Hey thanks for the reply in my "Purging Air from Cylinders" thread as well. I understood your advice pretty well up to the point where reconnecting the hoses and running the system back & forth is going to purge remaining air from it. With a closed system, where is this air escaping from... the front packing in the rams? One angling ram hose has a very slight bulge at the fitting so I'm going to take that as a warning to replace it now and not during a snow storm! It sounds like as long as I keep the reservoir from sucking air, things shouldn't be a problem. Manually swinging the blade right & then left should expel the ram cylinders of old fluid while reattaching the new hoses to the cylinder that I just compressed to reduce entry of air-- correct? Then onto the other cylinder... the same procedure. Then operate the system fully sealed and up to snuff, with topped off fluid, to purge any remaining air?


----------



## wyldman (Jan 18, 2001)

Yeah,that's pretty much it.When you compress the ram,there isn't a lot of space left inside for air.Then you reconnect that hose,and use the pump to extend it and fill it with fluid.Repeat for the other side.When you work the plow back and forthWhat little air is left in there will find it's way up to the highest point (the pump unit),and work it's way out.It may take a bit of angling,but it will come out.
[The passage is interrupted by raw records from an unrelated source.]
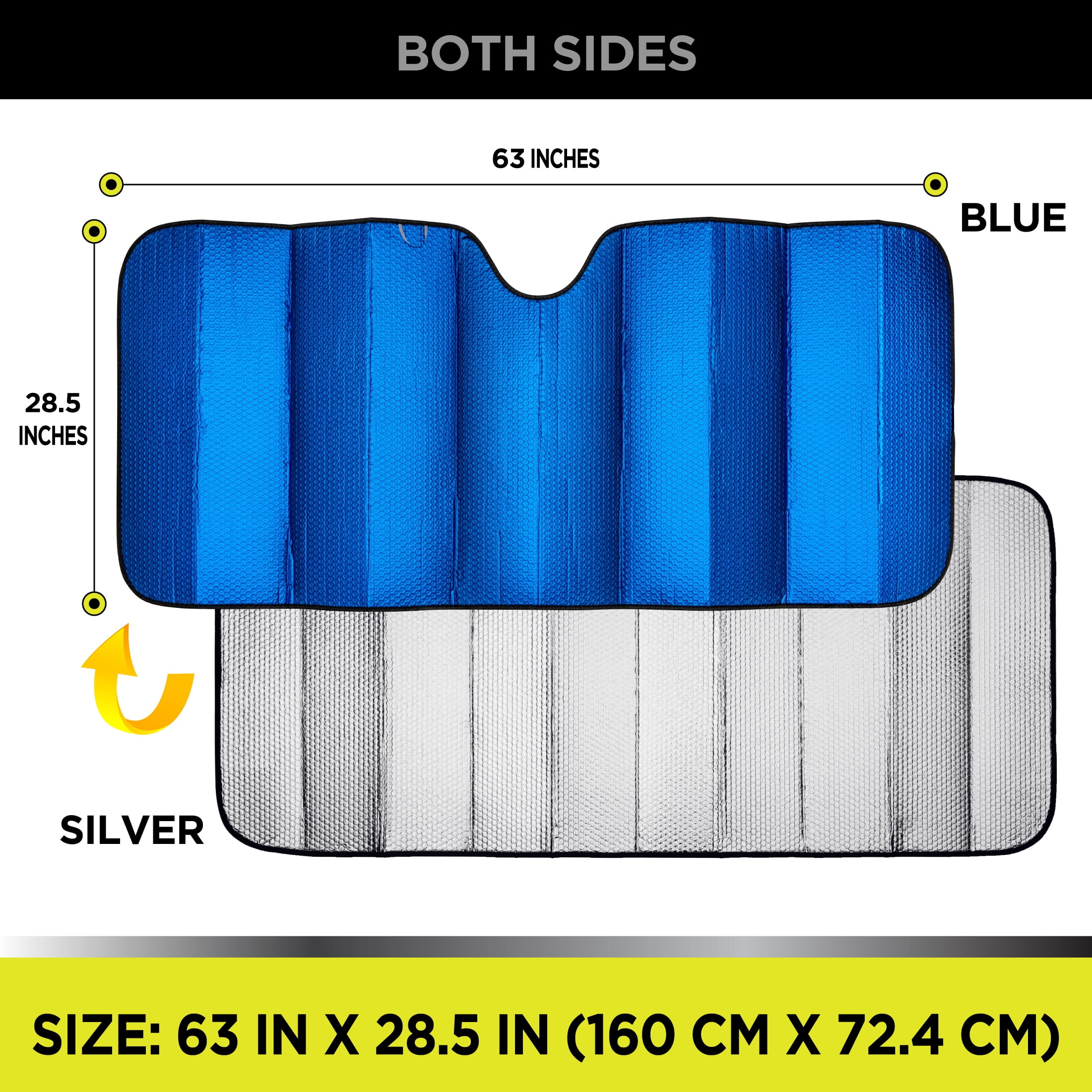 Auto Drive Universal Fit Accordion Sunshade, Blue, 63 in x 28.5 in, 1 Pack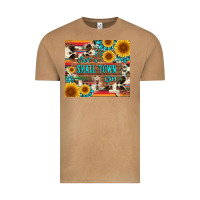 Vintage Camel just a small town girl with gemstone sunflower serape and cowhide Vintage Tee - Artiststas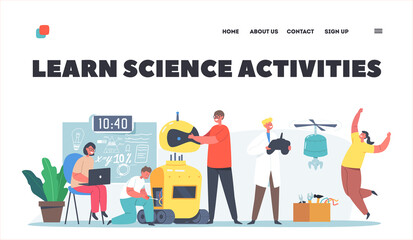 Kids Learn Science Activities Landing Page Template. Kids Programming and Creating Robots in Class. Engineering for Kids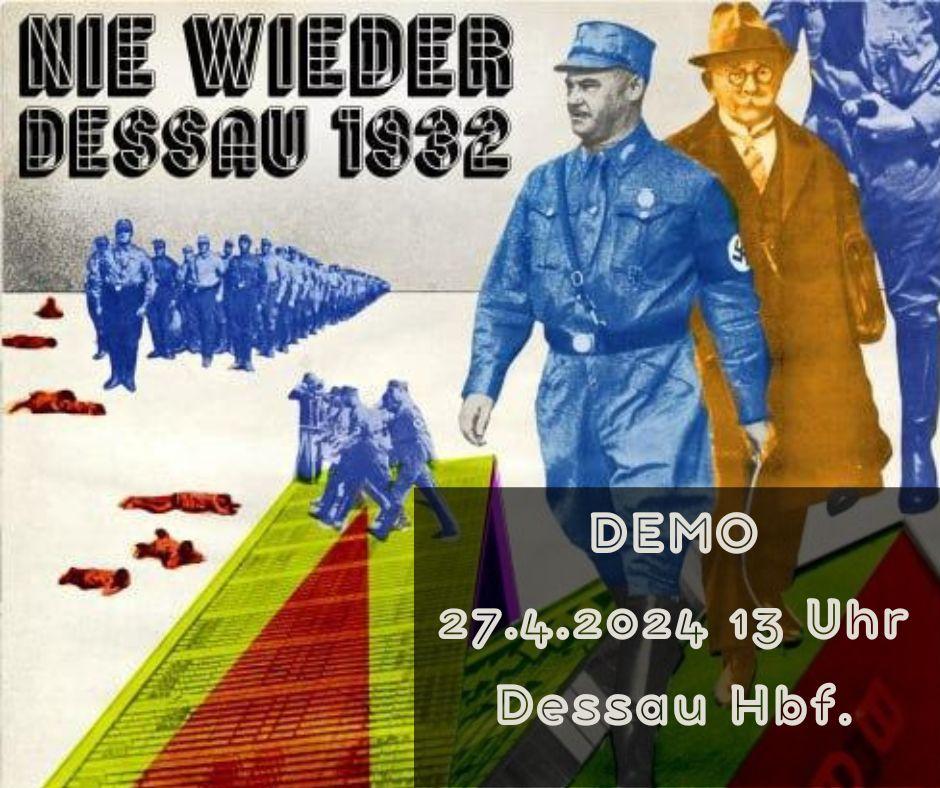 Heute vor 92 Jahren gewannen die Faschisten der NSDAP die Wahlen im Freistaat #Anhalt. 
Der Anfang vom Untergang der Weimarer Republik, der zerbrechlichen ersten Demokratie in Deutschland. 

KOMMT AM SAMSTAG NACH DESSAU!

NIE WIEDER 1932❗

#dessau #de2704 #NieWiederIstJetzt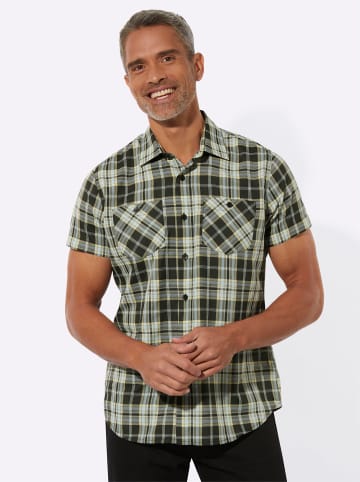 Sieh an! Kurzarm-Hemd in schwarz-zitrone-kariert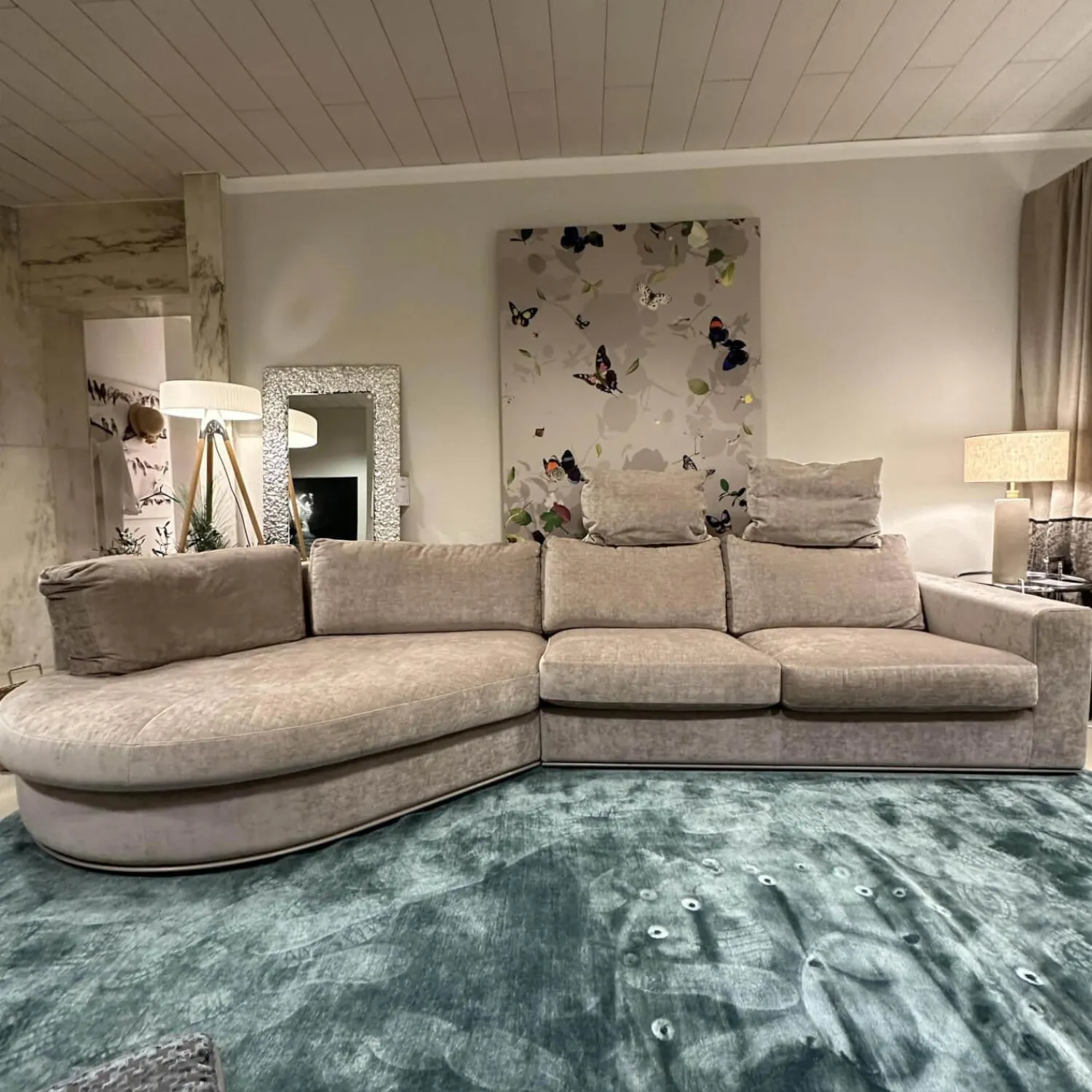 Bielefelder Werkstätten Wohnlandschaften|Ecksofa Sofalandschaft Inspiration Stoff Fame Beigebraun Sockelrahmen Holz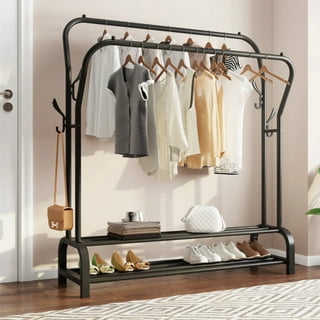 Double layer gold floor standing rack, display rack for clothing store,  clothes hanger for women's clothing store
The plow prep gassers come with the 038/039 spring setup.The diesels get a 039/046 setup.I usually recommend the 047/048 springs for an upgrade on the diesels,and the 046/047 springs for a gasser.

Try the Timbrens first though,and then decide on the springs.


----------



## Roger Dodger (Nov 8, 2002)

Hey Chris, I was under the truck this weekend installing the shocks and noticed the factory rubber stop bumps up front. Each has two holes in them that I assume has a screw or bolt up in there somewhere? Not easy to see or even access it, especially on the pumpkin side... very little clearance for tools and a hand! What socket or tool is used to remove the old rubber stops since I assume the nut is inside the frame and not accessible. Or is the frame drilled and tapped?

I dunno about this idea! I've already got a pretty large vocabulary of choice words that's accumulated over the years from wrenching on vehicles!!:realmad:


----------



## wyldman (Jan 18, 2001)

They are just pressed in,no bolts at all.Just pry them out .


----------



## Roger Dodger (Nov 8, 2002)

No, not the rubber stops themselves but the oval, steel cup that holds them. How does that get removed so the new Timbrens can be installed?


----------



## wyldman (Jan 18, 2001)

You don't remove the steel cup,it stays in place.The Timbrens have a spacer that fits up inside the cup.Then there is a big round plate that goes over the cup to support the Timbren.I usually run a bead of weld across the cup and plate,so they stay in place.


----------